The most striking of these to the traveler is the Menzies arbutus, or
madrona, as it is popularly called in California. Its curious red and
yellow bark, large thick glossy leaves, and panicles of waxy-looking
greenish-white urn-shaped flowers render it very conspicuous. On the
boles of the younger trees and on all the branches, the bark is so
smooth and seamless that it does not appear as bark at all, but rather
the naked wood. The whole tree, with the exception of the larger part
of the trunk, looks as though it had been thoroughly peeled. It is
found sparsely scattered along the shores of the Sound and back in the
forests also on open margins, where the soil is not too wet, and
extends up the coast on Vancouver Island beyond Nanaimo. But in no
part of the State does it reach anything like the size and beauty of
proportions that it attains in California, few trees here being more
than ten or twelve inches in diameter and thirty feet high. It is,
however, a very remarkable-looking object, standing there like some
lost or runaway native of the tropics, naked and painted, beside that
dark mossy ocean of northland conifers. Not even a palm tree would
seem more out of place here.
The oaks, so far as my observation has reached, seem to be most
abundant and to grow largest on the islands of the San Juan and
Whidbey Archipelago. One of the three species of maples that I have
seen is only a bush that makes tangles on the banks of the rivers. Of
the other two one is a small tree, crooked and moss-grown, holding out
its leaves to catch the light that filters down through the close-set
spires of the great spruces. It grows almost everywhere throughout
the entire extent of the forest until the higher slopes of the
mountains are reached, and produces a very picturesque and delightful
effect; relieving the bareness of the great shafts of the evergreens,
without being close enough in its growth to hide them wholly, or to
cover the bright mossy carpet that is spread beneath all the dense
parts of the woods.
The other species is also very picturesque and at the same time very
large, the largest tree of its kind that I have ever seen anywhere.

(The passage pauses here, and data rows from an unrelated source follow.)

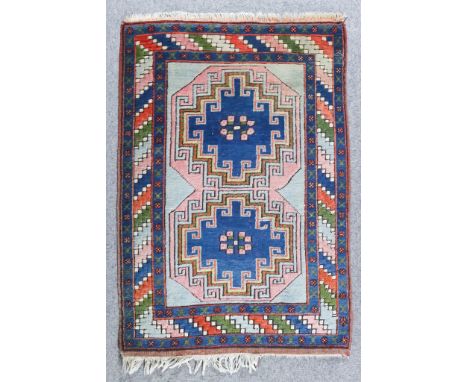 Two Turkish Rugs of Kazak Design, Modern, one woven in pastel colours with three bold geometric motifs on a light blue ground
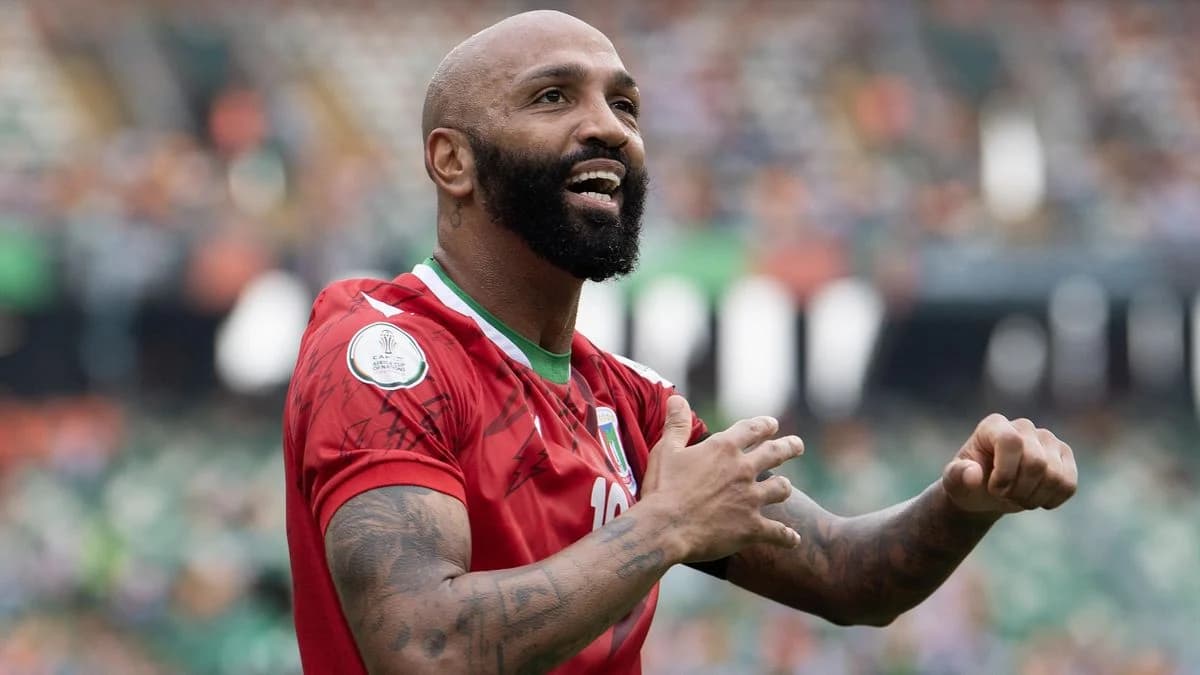Emilio Nsue in a football jersey, smiling on the field during a match.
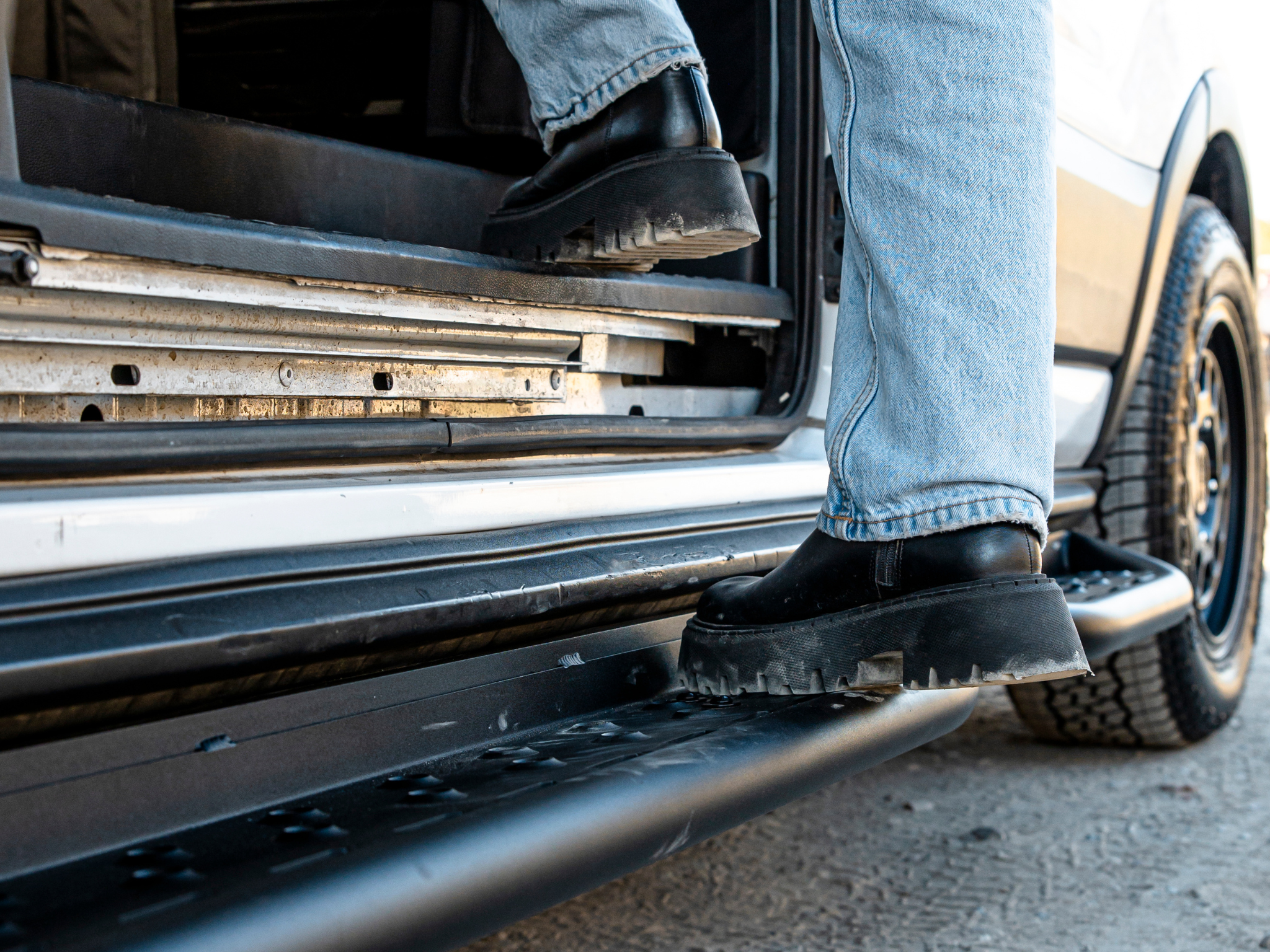 Under-steps view with black metal bars and perforations along the van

Not even in the great maple woods of Canada have I seen trees either
as large or with so much striking, picturesque character. It is
widely distributed throughout western Washington, but is never found
scattered among the conifers in the dense woods. It keeps together
mostly in magnificent groves by itself on the damp levels along the
banks of streams or lakes where the ground is subject to overflow. In
such situations it attains a height of seventy-five to a hundred feet
and a diameter of four to eight feet. The trunk sends out large limbs
toward its neighbors, laden with long drooping mosses beneath and rows
of ferns on their upper surfaces, thus making a grand series of richly
ornamented interlacing arches, with the leaves laid thick overhead,
rendering the underwood spaces delightfully cool and open. Never have
I seen a finer forest ceiling or a more picturesque one, while the
floor, covered with tall ferns and rubus and thrown into hillocks by
the bulging roots, matches it well. The largest of these maple groves
that I have yet found is on the right bank of the Snoqualmie River,
about a mile above the falls. The whole country hereabouts is
picturesque, and interesting in many ways, and well worthy a visit by
tourists passing through the Sound region, since it is now accessible
by rail from Seattle.
Looking now at the forests in a comprehensive way, we find in passing
through them again and again from the shores of the Sound to their
upper limits, that some portions are much older than others, the trees
much larger, and the ground beneath them strewn with immense trunks in
every stage of decay, representing several generations of growth,
everything about them giving the impression that these are indeed the
"forests primeval," while in the younger portions, where the elevation
of the ground is the same as to the sea level and the species of trees
are the same as well as the quality of the soil, apart from the
moisture which it holds, the trees seem to be and are mostly of the
same age, perhaps from one hundred to two or three hundred years, with
no gray-bearded, venerable patriarchs -- forming tall, majestic woods
without any grandfathers.
When we examine the ground we find that it is as free from those
mounds of brown crumbling wood and mossy ancient fragments as are the
growing trees from very old ones. Then perchance, we come upon a
section farther up the slopes towards the mountains that has no trees
more than fifty years old, or even fifteen or twenty years old. These
last show plainly enough that they have been devastated by fire, as
the black, melancholy monuments rising here and there above the young
growth bear witness. Then, with this fiery, suggestive testimony, on
examining those section whose trees are a hundred years old or two
hundred, we find the same fire records, though heavily veiled with
mosses and lichens, showing that a century or two ago the forests that
stood there had been swept away in some tremendous fire at a time when
rare conditions of drouth made their burning possible. Then, the bare
ground sprinkled with the winged seed from the edges of the burned
district, a new forest sprang up, nearly every tree starting at the
same time or within a few years, thus producing the uniformity of size
we find in such places; while, on the other hand, in those sections of
ancient aspect containing very old trees both standing and fallen, we
find no traces of fire, nor from the extreme dampness of the ground
can we see any possibility of fire ever running there.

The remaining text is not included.